**Task requirements:** Please output the records below in full, exactly as given, but without the images.

**Brief descriptive captions:**
++++++++

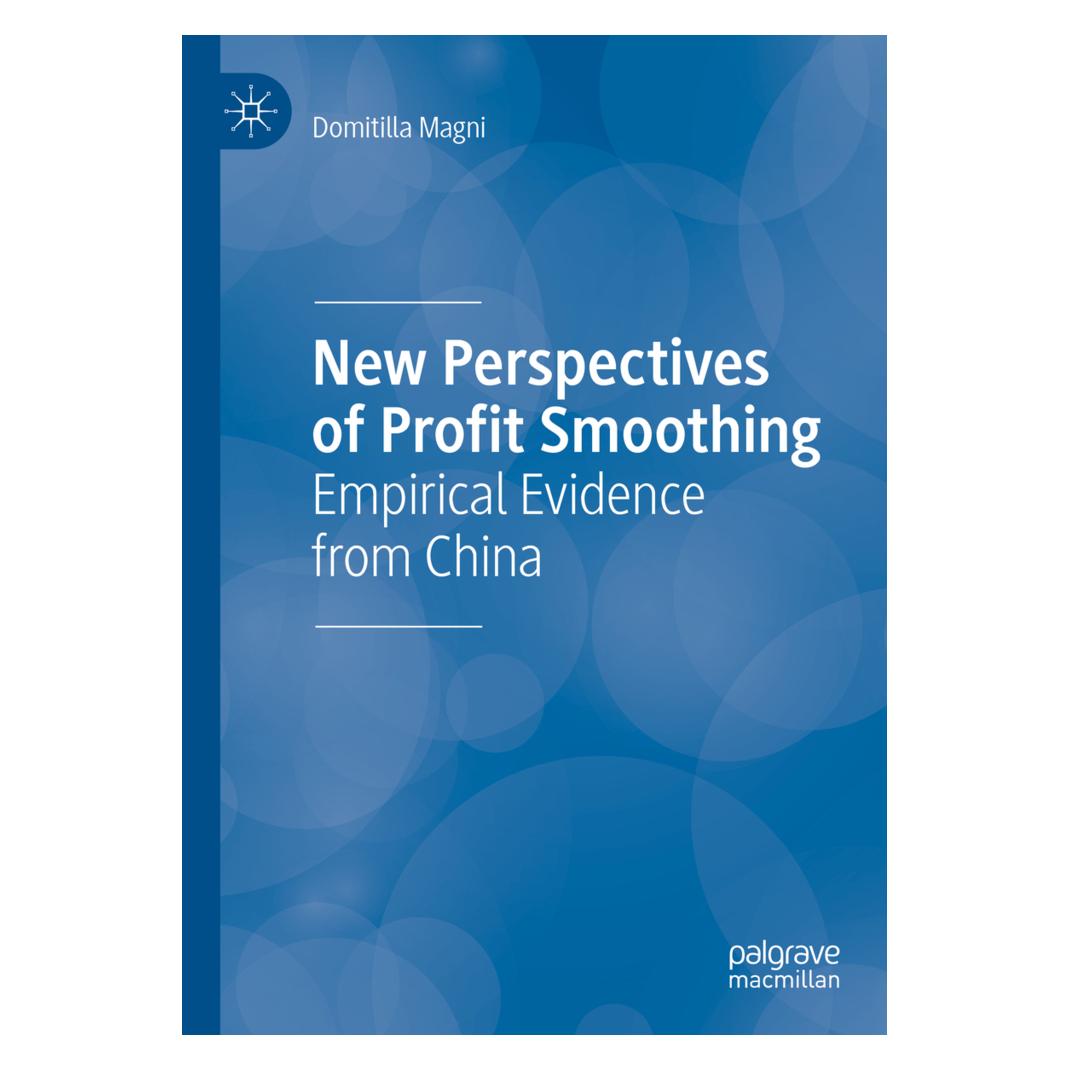 Springer New Perspectives of Profit Smoothing (Englisch, Softcover, Domitilla Magni) (56155836)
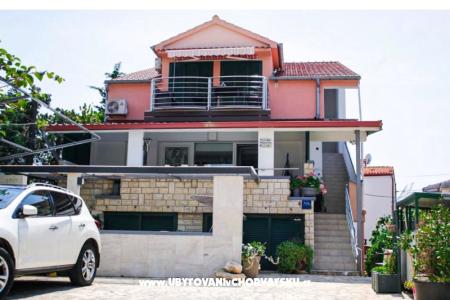 Appartements Markov Diklo Zadar Croatie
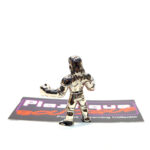 Kinnikuman Diecast Kinkeshi Volume 12: Terry The Kid (Silver)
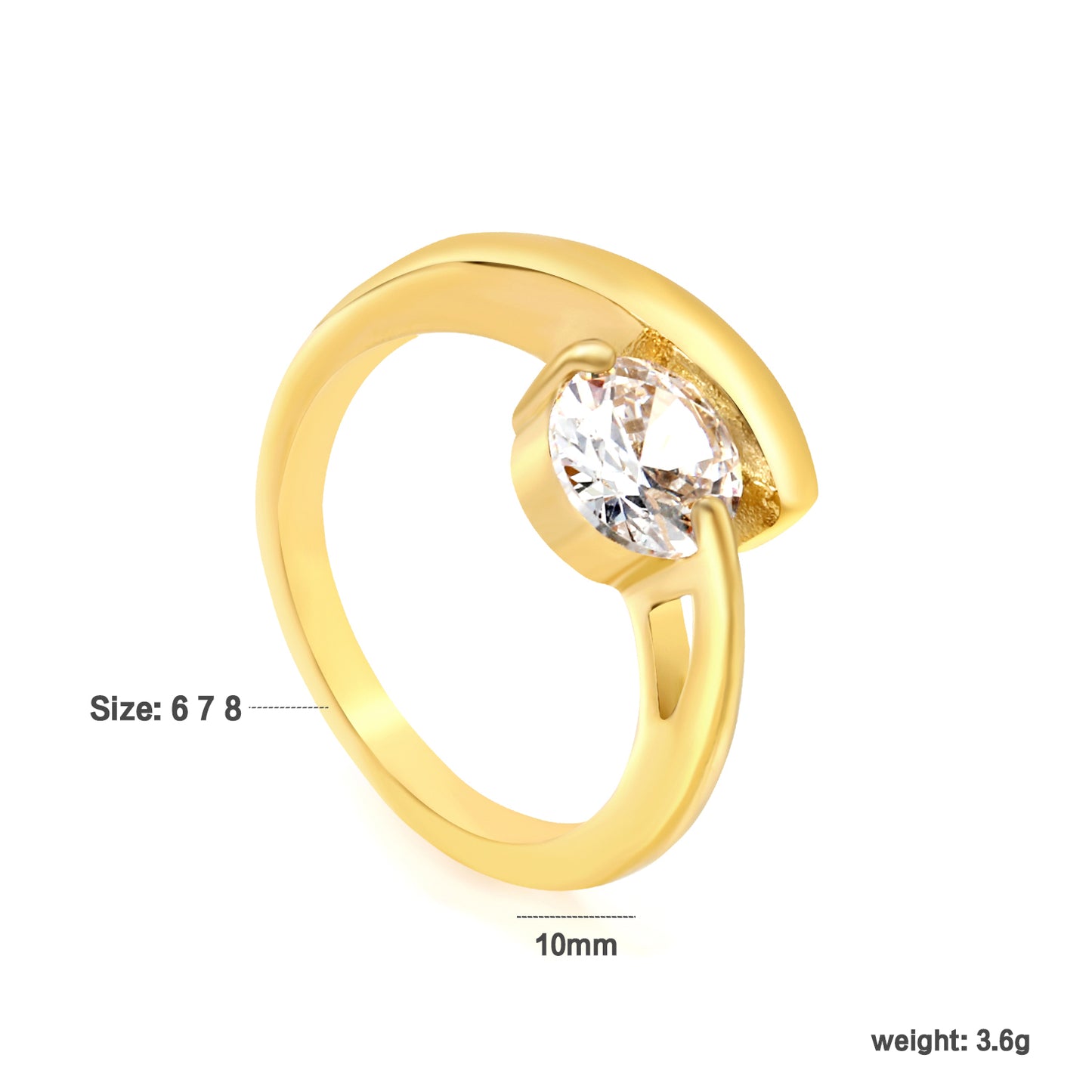 solitaire-band-width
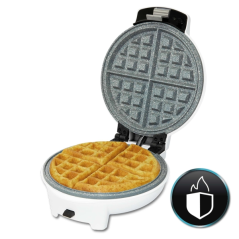 Gaufrier 3 en 1 Cecotec Fun Gofrestone - Puissance 700 W - Plaques interchangeables - Revêtement antiadhésif - Voyant lumineux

++++++++

**Reply:**
 Springer New Perspectives of Profit Smoothing (Englisch, Softcover, Domitilla Magni) (56155836)
 Appartements Markov Diklo Zadar Croatie
 Kinnikuman Diecast Kinkeshi Volume 12: Terry The Kid (Silver)
 solitaire-band-width
 Gaufrier 3 en 1 Cecotec Fun Gofrestone - Puissance 700 W - Plaques interchangeables - Revêtement antiadhésif - Voyant lumineux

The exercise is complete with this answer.